Separate compilation is a powerful feature that allows us to compile only the source files that have been changed. This makes the compilation process faster and more efficient. IDEs, like VS Code, and build tools, like Make, automate the process of separate compilation by tracking files changed and compiling only the necessary source files.

1.4.3. Why do we need header files?#

Header files used to store function declarations are included in the source files using the #include "file_name" directive. The header files are not compiled separately, but their contents are copied to the source files during the preprocessing stage.

Let’s copy function declarations. If we were to get rid of header files and include the function declarations in the source files, we would have to copy the function declarations to all source files that use the functions. This would lead to code duplication and make the code harder to maintain.

Let’s include source files. If we were to include source files instead of the header files:

  1. whenever we change a source file, we have to compile it and any other file that includes it. For example, if we have #include "print.cpp" in the main.cpp file, we have to compile print.cpp and main.cpp whenever we change print.cpp. This defeats the purpose of separate compilation that saves time by compiling only the source files that have been changed.

  2. the linker will fail at generating an executable as it will detect that there are duplicate function implementations in multiple object files. For example, if we have #include "print.cpp" in the main.cpp file, the printNum function will be defined in both print.o and main.o files. The linker will detect this and fail to generate an executable file.

1.4.4. What happens if we include a header file multiple times?#

Why would someone mistakenly include a header file multiple times? The answer is that a header file may include another header file, and then you include both these header files in a source file. For example, the following figure shows a.h and b.h header files. The b.h header file includes the a.h header file to be able to use struct A in b.h. If you include both a.h and b.h in a source file, at the preprocessing stage, the a.h file contents, which is struct A definition will be included twice in the source file. This flags an error at compilation as the struct A definition is duplicated.

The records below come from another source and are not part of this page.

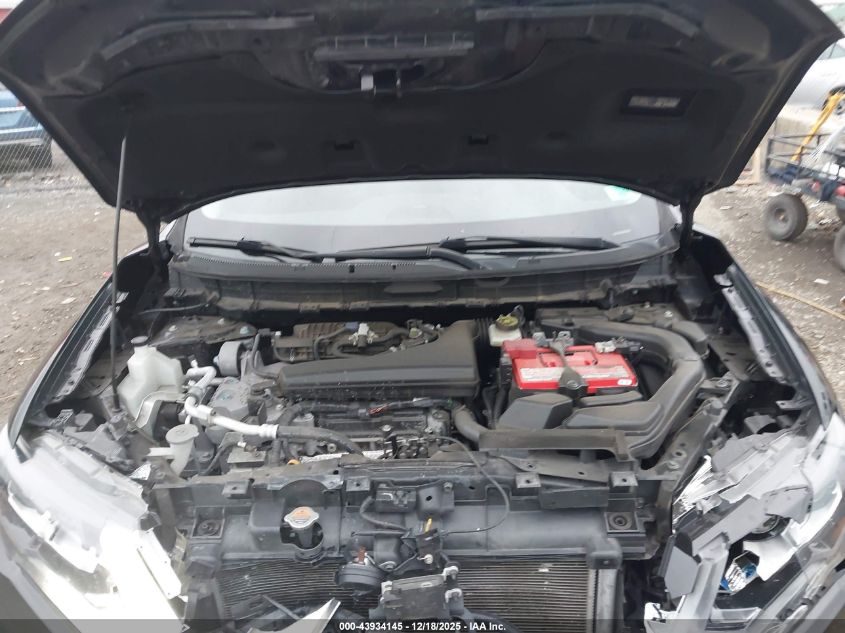 2018 Nissan Rogue Sl VIN: JN8AT2MV7JW329438 Lot: 43934145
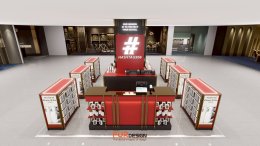 Design, manufacture, and installation: Hashtag Mobile Shop, Central World, Bangkok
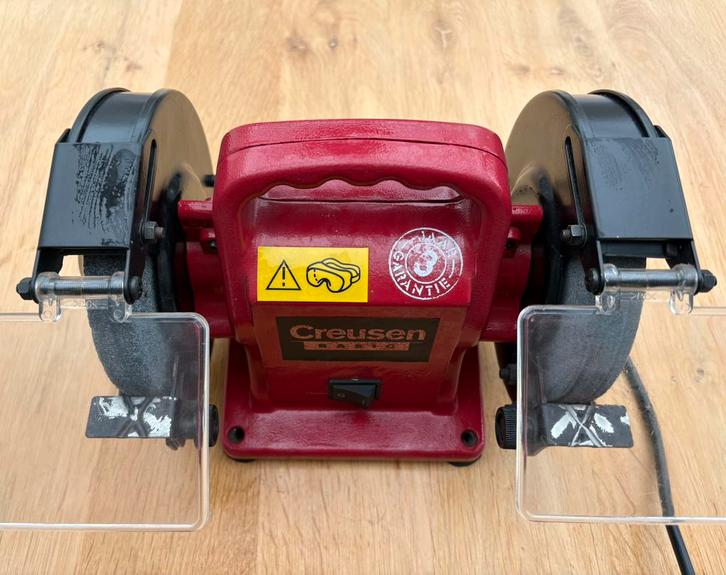 Creusen slijpmachine, Doe-het-zelf en Verbouw, Gereedschap | Slijpmachines, Zo goed als nieuw, Rechte handslijpmachine, Minder dan 700 watt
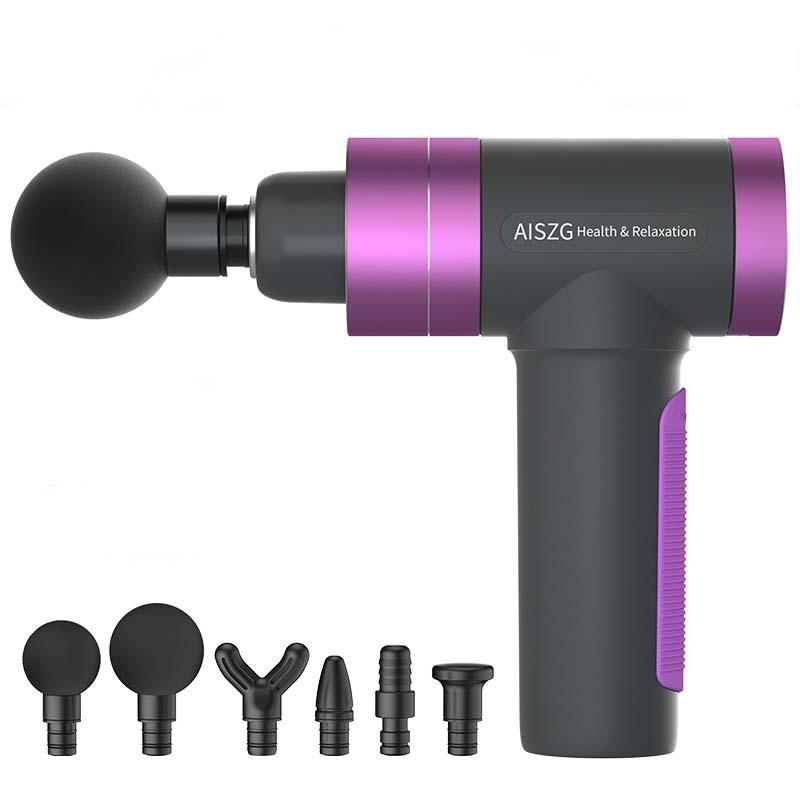 Extreme Edition Rechargeable Muscle Massage Gun - Purple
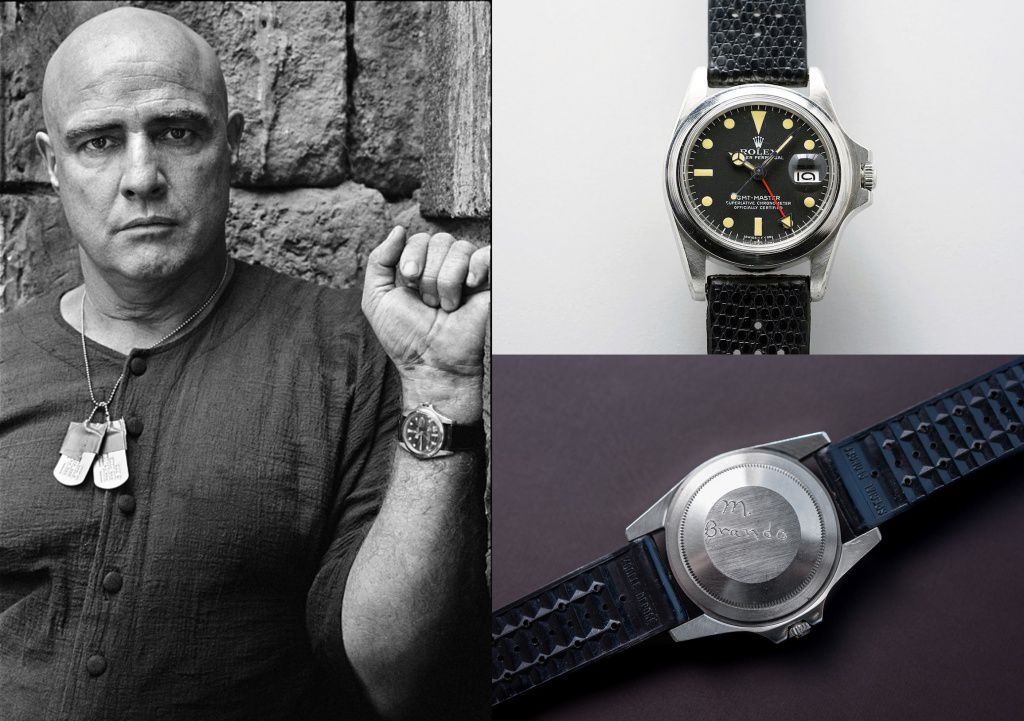 Часы Rolex GMT-Master Marlon Brando’s Apocalypse Now ref. 1675, 1972 год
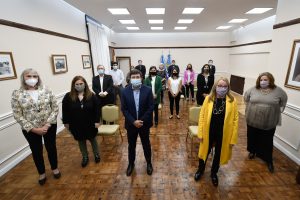 Santa Cruz firmó convenios con el Ministerio de Desarrollo Social de la Nación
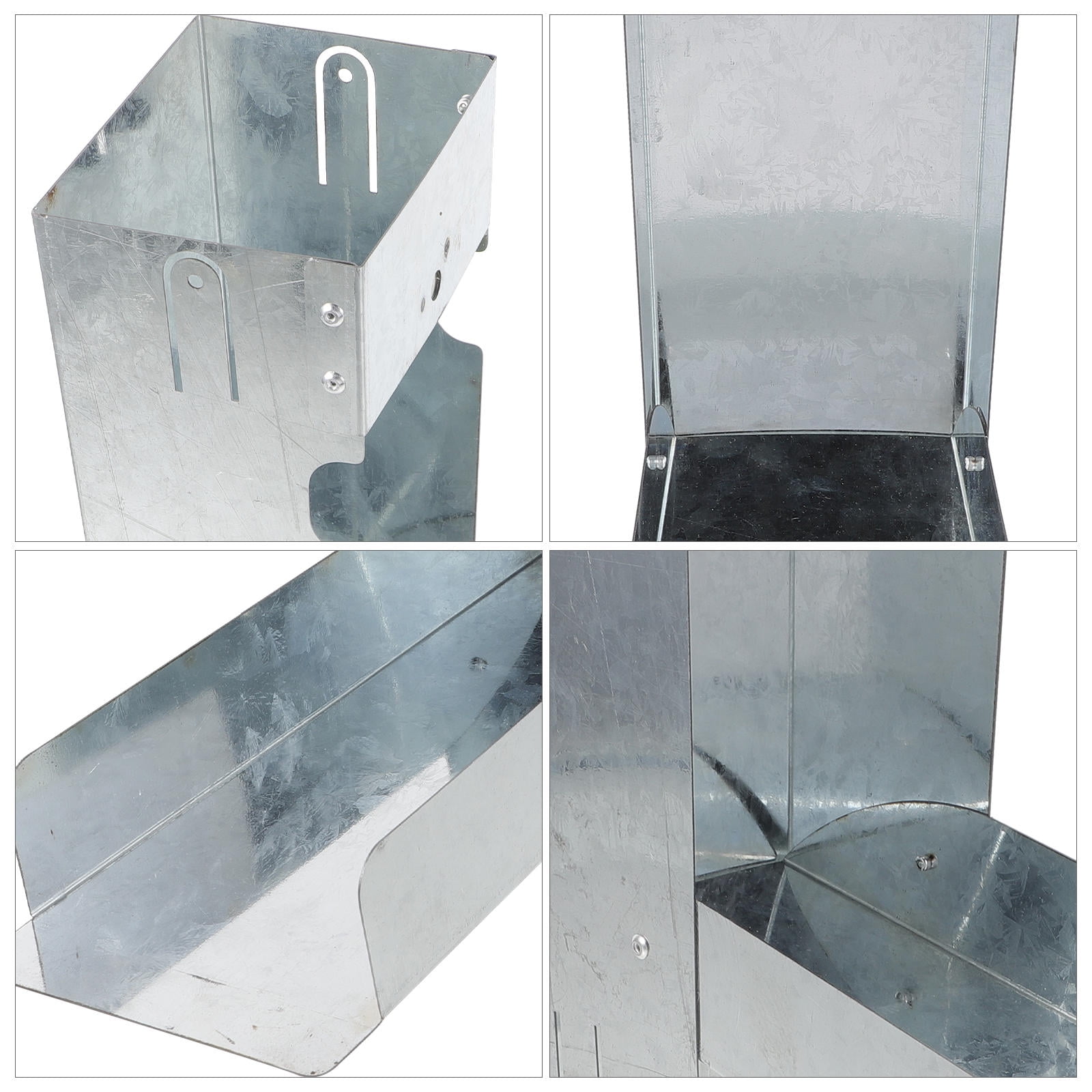 Toyvian Metal Rain Diverter Set for Effective Rainwater Collection and Reuse from Downspouts, and Easy to Install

Duplicate inclusion of a.h

Fig. 1.16 Since a.h is included in b.h and we included a.h and b.h in main.cp, indirectly, the header file a.h is included twice in main.cpp.#

Solution! To avoid this error, we need to tell the preprocessor to include each header file only once using header guards. Header guards are preprocessor directives that prevent the contents of a header file from being included more than once in a source file. The header guards are defined at the beginning of the header file and are used to check if the header file has been included before. If the header file has been included before, the contents of the header file are not included again.

The header guards are defined as follows:

#ifndef FILE_NAME_H
#define FILE_NAME_H

// Contents of the header file

#endif

#ifndef FILE_NAME_H checks if the FILE_NAME_H macro has been defined before. If it has not been defined, the contents of the header file are included. The #define FILE_NAME_H directive defines the FILE_NAME_H macro to prevent the contents of the header file from being included again. The #endif directive ends the header guard.

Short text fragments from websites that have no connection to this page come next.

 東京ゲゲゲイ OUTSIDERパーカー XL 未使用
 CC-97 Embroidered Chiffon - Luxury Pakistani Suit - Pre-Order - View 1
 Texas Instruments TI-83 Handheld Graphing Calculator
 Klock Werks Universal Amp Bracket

For example, after adding header guards to a.h header file, it will look like the following figure. As shown, the preprocessor will include the contents of the a.h file once and define the macro A_H; however, the next time to include a.h, the preprocessor will realize that the macro A_H has been defined before and ignore the contents till #endif. In short, this will prevent the duplication of the struct A definition.

Header guards in a.h

Fig. 1.17 Header guards prevent the contents of the header file from being included more than once in a source file.#

The convention in naming the macro is to follow the file name. For example, the macro in the header guards for b.h file will be B_H. This is to ensure the macros are unique and prevent conflicts with other header files.